Die FDP hat einen neuen Kapitän am Steuer. Christian Dürr wurde gestern mit 85,9 Prozent der Stimmen zum Nachfolger von Christian Lindner gewählt. Der 47-jährige Niedersachse übernimmt die Partei in stürmischen Zeiten: Umfragewerte unter fünf Prozent, eine zerrissene Basis und die Nachwehen des Ampel-Bruchs. Bei seiner ersten Rede als Parteichef versprach Dürr einen «Neuanfang mit Demut».
Der Wechsel an der Spitze folgt auf das dramatische Ende der Ampelkoalition im November. Lindner, der nach seinem Rauswurf als Finanzminister zunächst weitermachte, zog schließlich die Konsequenzen aus dem Umfragetief. «Wir müssen ehrlich sein – die letzten Jahre haben Spuren hinterlassen», sagte Dürr beim Parteitag in Berlin. «Freiheit braucht wieder eine starke Stimme in Deutschland.»
Bisher war Dürr vor allem als Fraktionschef im Bundestag bekannt. Ein Vorteil: Anders als sein Vorgänger gilt er als Mann des Ausgleichs. In Hamburg habe ich ihn vor zwei Jahren bei einer Wirtschaftskonferenz erlebt – ruhig, sachlich, ohne die scharfen Kanten eines Lindner. Genau diese Eigenschaften könnten nun helfen.
Marie-Agnes Strack-Zimmermann, FDP-Spitzenkandidatin für die Europawahl, unterstützt den Neuanfang: «Wir brauchen jetzt einen klaren Kompass für die Freiheit, nicht nur markige Sprüche.»
Die Herausforderungen für Dürr sind gewaltig.

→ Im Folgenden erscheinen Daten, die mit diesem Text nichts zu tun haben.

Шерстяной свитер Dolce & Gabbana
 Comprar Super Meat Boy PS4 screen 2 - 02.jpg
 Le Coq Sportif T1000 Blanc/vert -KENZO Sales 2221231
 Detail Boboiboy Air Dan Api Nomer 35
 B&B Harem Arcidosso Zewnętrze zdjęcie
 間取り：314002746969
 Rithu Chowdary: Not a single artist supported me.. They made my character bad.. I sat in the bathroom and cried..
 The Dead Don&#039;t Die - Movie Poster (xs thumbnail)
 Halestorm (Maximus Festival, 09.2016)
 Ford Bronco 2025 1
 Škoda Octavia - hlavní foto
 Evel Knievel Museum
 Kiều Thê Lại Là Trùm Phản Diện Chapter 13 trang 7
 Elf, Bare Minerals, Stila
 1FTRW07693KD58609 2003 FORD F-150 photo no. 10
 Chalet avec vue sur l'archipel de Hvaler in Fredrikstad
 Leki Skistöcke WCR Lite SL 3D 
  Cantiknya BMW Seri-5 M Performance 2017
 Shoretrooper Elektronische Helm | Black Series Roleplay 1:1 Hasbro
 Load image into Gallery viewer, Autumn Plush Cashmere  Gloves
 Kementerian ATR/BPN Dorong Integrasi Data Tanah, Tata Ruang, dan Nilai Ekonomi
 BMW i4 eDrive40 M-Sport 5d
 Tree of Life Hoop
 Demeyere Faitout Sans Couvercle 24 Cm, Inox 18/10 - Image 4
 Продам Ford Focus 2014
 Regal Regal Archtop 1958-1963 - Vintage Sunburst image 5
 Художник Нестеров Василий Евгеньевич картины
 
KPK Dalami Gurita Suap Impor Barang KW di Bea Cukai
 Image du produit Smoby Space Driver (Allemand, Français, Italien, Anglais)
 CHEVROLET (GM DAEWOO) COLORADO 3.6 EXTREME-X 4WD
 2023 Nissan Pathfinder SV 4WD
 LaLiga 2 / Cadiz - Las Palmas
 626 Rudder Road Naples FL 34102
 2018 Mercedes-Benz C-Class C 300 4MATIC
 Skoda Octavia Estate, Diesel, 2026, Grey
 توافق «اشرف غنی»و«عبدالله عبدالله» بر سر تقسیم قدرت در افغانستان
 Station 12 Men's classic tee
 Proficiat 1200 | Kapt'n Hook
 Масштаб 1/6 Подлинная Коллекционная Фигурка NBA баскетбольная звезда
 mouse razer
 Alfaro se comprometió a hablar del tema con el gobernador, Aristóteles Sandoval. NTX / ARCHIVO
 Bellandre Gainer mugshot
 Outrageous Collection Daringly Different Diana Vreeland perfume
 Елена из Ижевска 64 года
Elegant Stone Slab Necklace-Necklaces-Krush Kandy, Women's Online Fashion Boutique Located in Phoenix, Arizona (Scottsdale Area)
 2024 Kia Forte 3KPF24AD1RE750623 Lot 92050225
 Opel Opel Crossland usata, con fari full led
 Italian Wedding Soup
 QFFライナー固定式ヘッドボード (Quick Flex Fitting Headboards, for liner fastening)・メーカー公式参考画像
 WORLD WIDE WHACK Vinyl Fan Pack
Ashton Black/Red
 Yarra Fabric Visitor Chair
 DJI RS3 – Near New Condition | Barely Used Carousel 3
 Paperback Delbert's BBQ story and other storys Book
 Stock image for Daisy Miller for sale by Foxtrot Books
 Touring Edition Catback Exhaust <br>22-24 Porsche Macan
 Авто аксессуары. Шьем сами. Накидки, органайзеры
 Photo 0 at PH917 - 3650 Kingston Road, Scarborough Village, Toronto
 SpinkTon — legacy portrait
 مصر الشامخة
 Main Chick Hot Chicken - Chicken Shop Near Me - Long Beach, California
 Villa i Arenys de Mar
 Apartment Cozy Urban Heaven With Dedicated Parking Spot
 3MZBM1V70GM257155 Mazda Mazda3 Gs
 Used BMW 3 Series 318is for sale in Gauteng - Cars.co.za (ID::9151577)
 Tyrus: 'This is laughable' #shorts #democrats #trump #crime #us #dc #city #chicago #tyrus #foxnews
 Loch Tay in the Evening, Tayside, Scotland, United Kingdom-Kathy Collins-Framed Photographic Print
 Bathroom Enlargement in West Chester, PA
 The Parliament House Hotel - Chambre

Die vorgezogene Bundestagswahl steht vor der Tür, das Wahlprogramm muss geschärft werden. Und die entscheidende Frage bleibt: Kann er die FDP vor dem dritten Bundestags-Aus binnen zwanzig Jahren bewahren? Die kommenden Wochen werden zeigen, ob der ruhige Niedersachse genug Zugkraft entwickelt, um die Liberalen aus dem Umfragekeller zu holen.